Kiti anne olmaya hazırlanıyordu ve zorlu bir hamileliğin sonunda neredeyse 36 saat acı içinde kıvranmıştı. Bu saatler Levin'e yıllar gibi gelmiş ve öleceğini düşünmüştü hep. Abisi Nikolay'ın ölümünde hissettiği duygular yine sarmıştı bedenini ve Kiti'nin çektiği acılar nedeniyle sürekli Tanrıya onları kurtarması için dua etmişti. "Tanrıya inanmayan Levin bunları yalnız ağzıyla söylemiyordu. Şimdi o anda, içindeki kuşkuların değil, içinde olduğunu bildiği, aklıyla ulanmasının imkansızlığının bile Tanrıya yalvarmasına engel olamayacağını biliyordu. Bunların hepsi(kuşkuları) yok olmuş, ruhundan şimdi uçup gitmişti. Kendini, ruhunu ve sevgisini elinde hissettiği o zor anında ona yalvarmayacaktı da kime yalvaracaktı?" sf875

Dinle ilgili yaşadığı inişli çıkışlı birçok şeyden sonra Levin daha çok düşünmeye, sorgulamaya başlamıştı.

-"Hrstiyanlığın hayatımla ilgili sorulara verdiği cevapları kabul etmiyorsam, kabul ettiğim cevaplar nelerdir?"sf972

"Elinde olmayan bir bilinçsizlikle şimdi her kitapta, her konuşmada her insanda bu sorulara karşı bir tutum ve onların çözümünü arıyordu" sf973 (bu benim de fazlaca yaptığım bir şey ama herkesin, her kitabın düşünce ve görüşü farklı, insan birleştirmeye kalktığında beyni allak bullak oluyor)

Karısının doğumunda nasıl dua ettiğini hatırlıyordu ama,
"O an gelip geçmişti, o andaki psikolojik durumuna şimdi hayatında yer veremiyordu" sf973

"O zaman gerçeği gördüğünü, şimdi de yanıldığını kabul edemiyordu: bunu serin kanlılıkla sakin sakin düşünmeye başlayınca da her şey paramparça oluyordu.

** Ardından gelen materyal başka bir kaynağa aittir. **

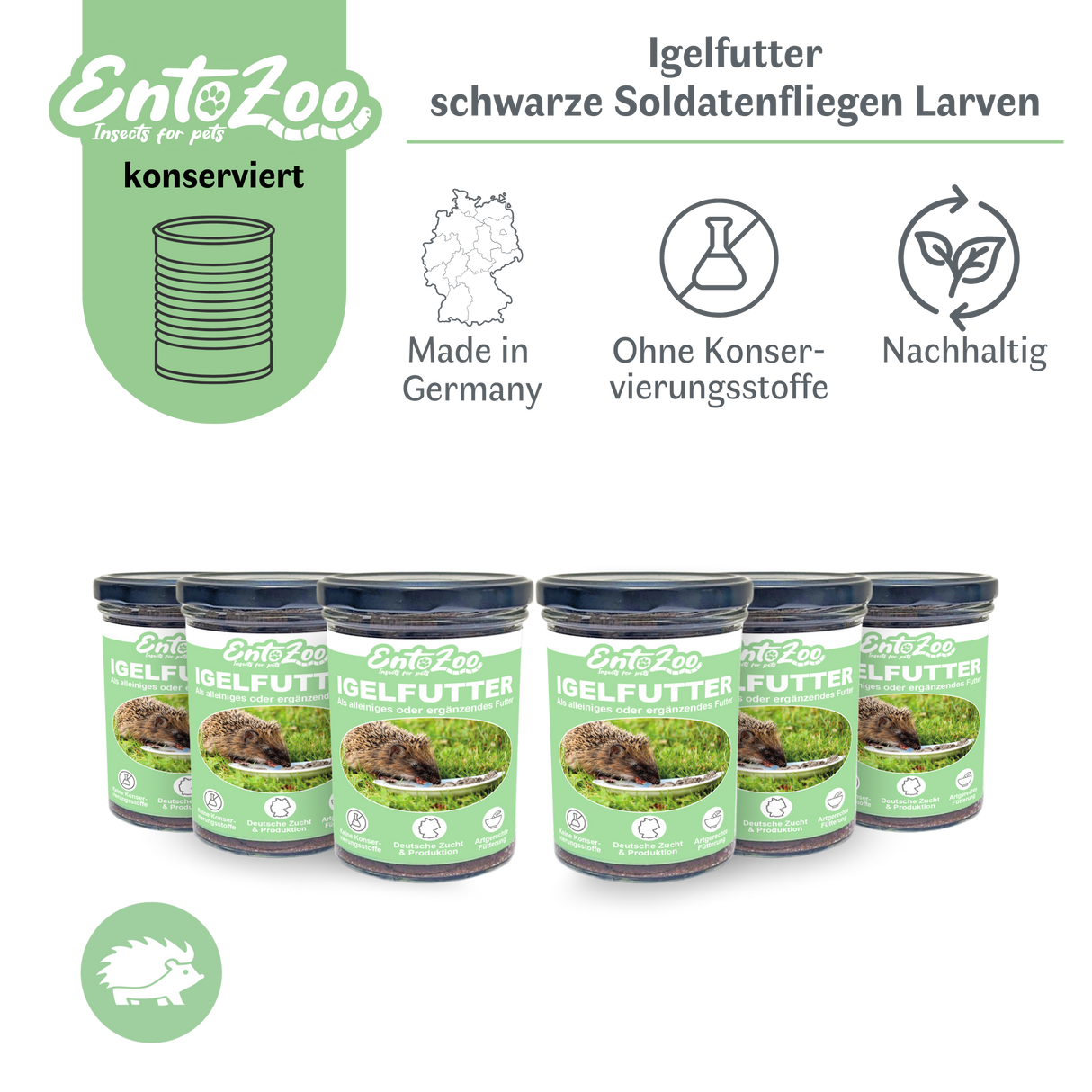 EntoZoo - Igelfutter im Glas - schwarze Soldatenfliegen Larve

O zaman yanıldığını da kabul edemiyordu, çünkü o anki psikolojik durumuna da değer veriyordu. Bunu zayıflığının bir sonucu kabul etmekle o dakikaların anısını kirletmiş oluyordu. Kendi kendyle yürek burkan bir çelişki içindeydi. Bu düşünceler Levin'i bazen güçlenerek, bazen de zayıflayarak eziyordu" sf 974

Daha çok kitap okuyup inançlarını netleştirmek istemişti, dini mükemmel bir şekilde anlatmış bir kitaptan sonra bir anlığına kendini inançlı hissetmiş, "ama sonra Katolik bir yazarın kilise tarihiyle, ortadoks bir yazarın  kilise tarihini okuyup, aslında yanılmasız olan bu iki kilisenin de birbirini reddettiklerini görünce, kilise öğretisinde de hayal kırıklığına uğramıştı" sf975

Düşündüklerinden, okuduklarından, dinlediklerinden sonuç çıkaramıyordu.

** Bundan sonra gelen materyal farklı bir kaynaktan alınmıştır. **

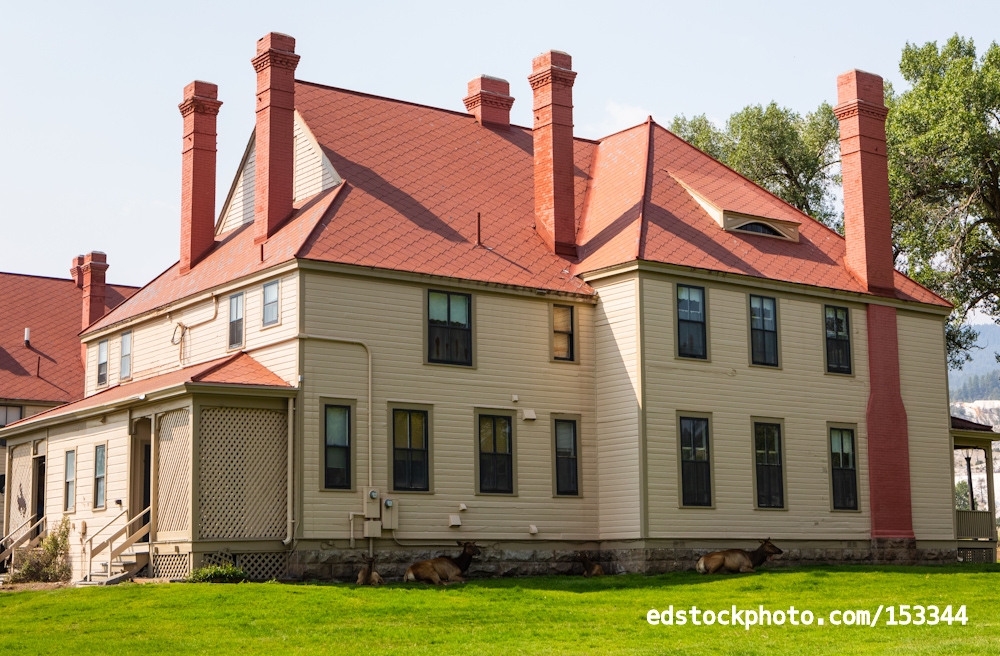 Officers Row with Elk (Fort Yellowstone, Wyoming)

-"Neyin nesi olduğum, bu dünyaya niçin geldiğimi öğrenmeden yaşamama imkan yok. Öğrenemeyeceğim de bunu, o halde yaşayamam" sf975

-"Neyim ben, nerdeyim, niçin burdayım?"sf 979

-"Tanrının varlığının en sağlam delili onun insanlara iyiliği ilham etmesiyse, niçin yalnız Hristiyan kilisesine verlmişti bu ilham? Yine iyiliği savunan, iyilik yapan Budistlerin, Müslümanların diniyle bu ilham arasında ne gibi bir ilgi vardı?"sf1006

Tanrı'dan bahsederek;

-"Peki ya Yahudiler, Müslümanlar, Konfiçyüs dininden olanlar, Budistler? Bu yüz milyonlarca insan, hayata anlam veren bu en yüce mutluluktan yoksun mu bırakılmışlardı yani?" sf1008

-"Benim sorduğum ne? Çeşitli dinden olan insanların Tanrı kavramına karşı tutumunu soruyorum." sf 2008

Levin aklını bulandıran onca karmaşık düşünceden sonra düşünmemeye, sorgulamamaya karar veriyor. Tanrı'ya ve Hristiyanlığa inanmayı yeğliyor.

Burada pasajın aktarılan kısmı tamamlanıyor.